ZAGHLOUL MORSY
Tout comme Mohamed Loakira, Zaghloul Morsy n'a pour mystère que d'être poète. M'accordera-t-on qu'il est aussi romancier. Mais c'est sa poésie qui révèle le mieux sa vérité intérieure. En dépit d'une certaine préciosité et d'une ondulation d'écriture subtile, l'accent de cette poésie atteste la présence d'un véritable poète. Ni délire ni incohérence, Morsy montre même une certaine autorité. Ses vers échappant à toute opacité; restent transparents, et leur netteté est cristalline. Il est de toute évidence un poète doué. Dès la première oeuvre, "D' un Soleil réticent", on entrevoit le travail qui s'opère dans l'émerveillement et la surprise. N’est-ce pas qu’il tranchait avec les autres poètes de sa génération, s'exprimant en une forme hors de toute confusion. Son oeuvre, patiente et solide, brillant d'un éclat rare, ne peut trouver son compte qu'avec le lecteur infatigable et impénitent. A certains égards, elle met en place un art poétique continuellement dans la relance. Et c'est par là que le poète est prodigieux. Morsy ressentait mieux que personne un besoin de représenter les choses humaines. J’avais pour lui une fervente et affectueuse admiration.

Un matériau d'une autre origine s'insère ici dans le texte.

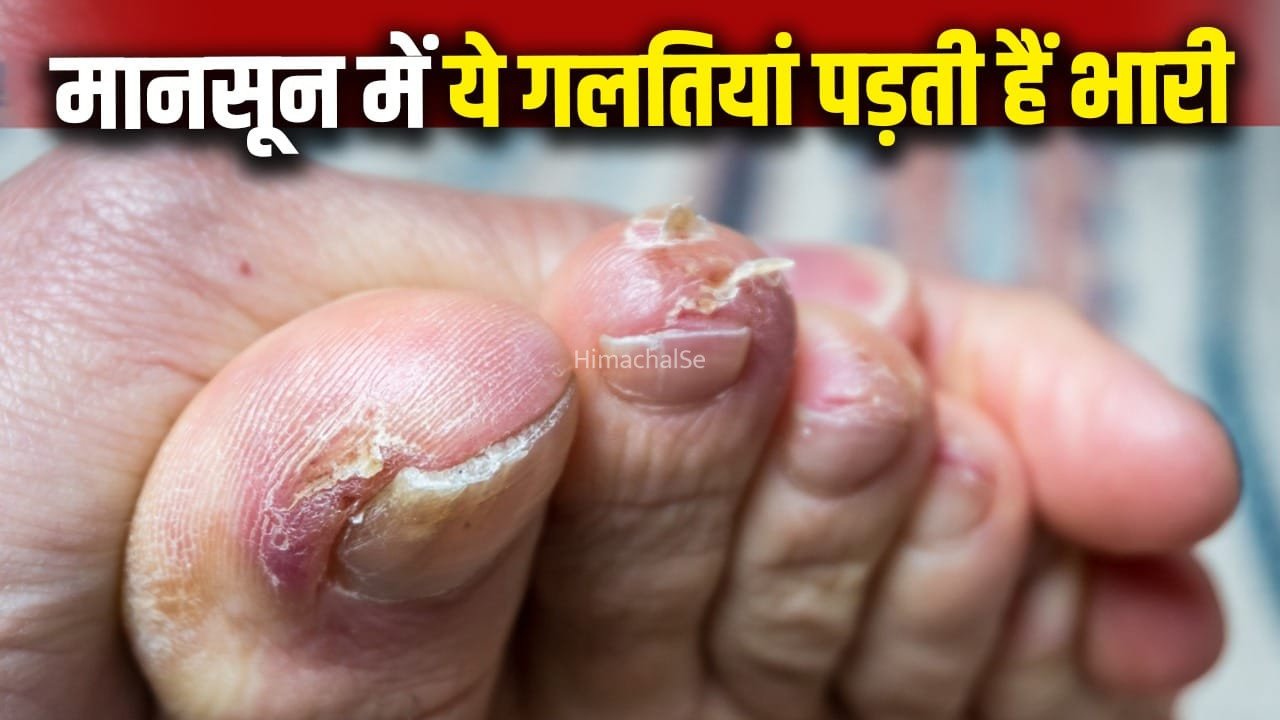 पैरों में हो सकता है फंगल इंफेक्शन, मानसून में ये गलतियां करने से बचें​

J’ai eu l’indéfectible bonheur de le rencontrer à Paris. Il m’avait donné rendez-vous au coin de la rue où il habitait dans Montparnasse. Je pense qu’il était encore en fonction à L'UNESCO. Tout de suite, il avait remarqué mon trouble et ma timidité derrière mes Ray Ban. Lorsqu’il eut appris que je m’intéressais à sa poésie, il partit dans un discours et je fus littéralement embarqué sans la moindre halte pour lui donner l’échange. Il enfila sur la ville ocre dont il était originaire avec beaucoup d’aise et une nostalgie qu'il avait du mal à dissimuler. J'ai découvert qu'il avait un très grand besoin d'expression qui venait de son attachement au pays. Morsy m’avait paru impitoyablement fidèle aux sources vives, celles qu'on entretient secrètement en nous. En cette âme d’où montaient tant de choses apaisées, on pouvait percevoir une secrète fêlure. Sa voix, si accordée au souffle s’élevait pour témoigner de l’heure des souvenirs, et la rumeur qui lui parvenait, était heureuse me semblait-il. La nostalgie l’avait pris, et il ne pouvait s’y dérober. Il resta courtois et cérémonieux à la fois, retrouvant sa sérénité en parlant de sa vie parisienne et de son second recueil, « Gués du temps » que j’avais dévoré la veille de notre rencontre et qu’il m’a gentiment dédicacé; un recueil dont l’ordonnance est parfaite: tous les poèmes s’en organisent en un ensemble cohérent. La langue est savamment inventée. Et cela n’exclue ni l’émotion ni la sensibilité. La louange de la vie chante avec tout ce qu’elle a d’intime. Morsy est un musicien à l’écho secret, legs probablement venu de son père. Et ce n’est pas hasard d’avoir titré un poème « Cry me a river », un standard de jazz américain signé par Arthur Hamilton, chanté pour la première fois par Julie London en 1955, repris par Ella Fitzgerald qui en donna une version stupéfiante.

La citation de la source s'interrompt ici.